The restore is too slow. We need to tune it. I tried parallel restore with multiple backup_agents on one node, and multiple agents on 2 nodes. I want to see how backup agents are collaborating, e.g., which agent is working and how fast, so that I can adjust the config. But I don’t see such info from the status output.

Is there a way to get performance data on each backup agent?

What are the good methods to identify bottlenecks of the restore op? Which is usually most crucial? I/O, CPU, network, or # of backup agents?

What type of storage is usually faster for backup/restore? NFS, blob, others?

If you can share your backup/restore performance data and tips, I’d highly appreciate it. Please be specific with how you achieve your best performance, such as

  • backup agent config (# of processes, # of nodes),
  • what type of storage destinations is used,
  • whether you disable triple mode before restore, and reenable it after.
  • the env and topology your cluster is deployed.

Thank you.

Leo

  • One backup agent per 6 fdb storage processes should perform well assuming their hardware and cluster connectivity is comparable to that of the cluster’s storage processes.

  • The backup agents get work randomly assigned, they should be essentially interchangeable for best performance (similar hardware, similar connectivity).

  • The backup medium (blob, filesystem) does not matter as far as FDB is concerned, only the speed/connectivity to that medium and in most instances this will not be the bottleneck.

  • Switching to single replication during restore is a good idea. Double is also an option, which still maintains some fault tolerance during the restore.

  • Backup agents can produce a trace log with the --logdir option, and there are trace events beginning with FileBackup and FileRestore that can tell you about how much work they are doing. But there really is no need to go here unless you suspect that your agents’ capabilities are extremely mismatched. For example, one backup agent with a much slower connection than all the others could spend a long time finishing the tasks it has been assigned long after all of the others have finished all other outstanding work.

Some more info about backup/restore performance limits:

The current default backup and restore tools operate mostly as clients of the database. This means that backup will not go faster than the read rate of your fdb cluster, and restore will not go faster than the write rate of your cluster. Adding more agents only helps up to these limits.
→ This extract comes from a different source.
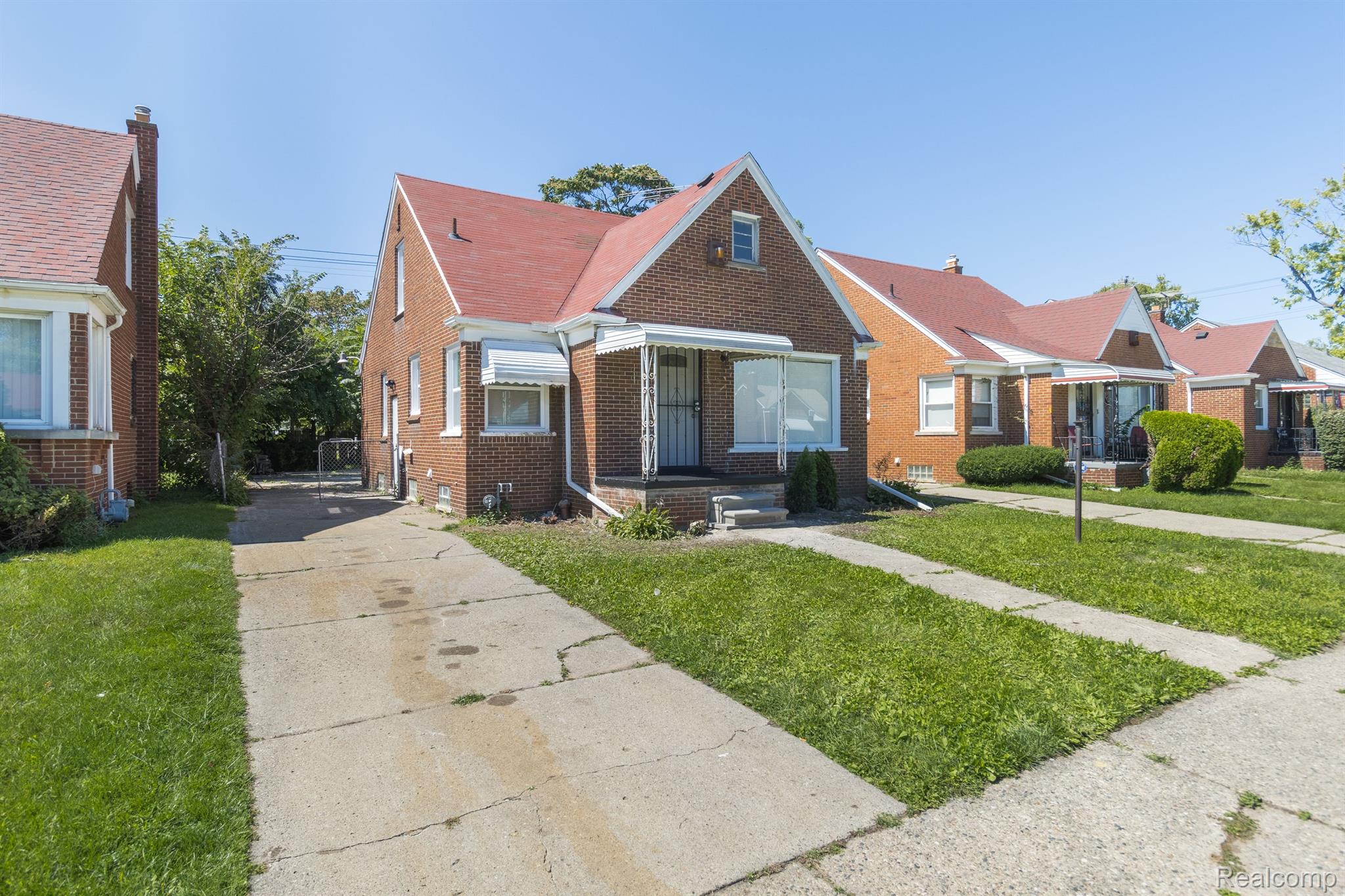 20045 STRATHMOOR Street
A backup that runs to a restorable state and then ends will write a randomly-ordered series of key space snapshots at different versions which collectively cover the entire range being backed up, plus the mutation log during that period. This should max out of the read speed of a cluster as long as you have enough backup agents. The random ordering means they will spread the work evenly over all storage teams.

Restore will write all of a backup’s key range snapshots to the database and apply the backup’s mutation log to update them to the target version. This process normally maxes out at the rate at which a single fdb proxy can apply the backup’s mutation log, which is around 100MB/s on a well-tuned cluster. A backup from a mostly-idle cluster can restore faster than this since it will have very few mutations to apply which are subject to this bottleneck.

Coming in FDB 6.3 is a completely new restore process which eliminates the single-proxy bottleneck. It uses a set of processes called restore workers to apply the backup’s mutation log in parallel using large memory buffers and then commit the coalesced results to the database cluster in parallel. This should bring restore speeds much closer to the write speed of the cluster even for backups that have large mutation logs.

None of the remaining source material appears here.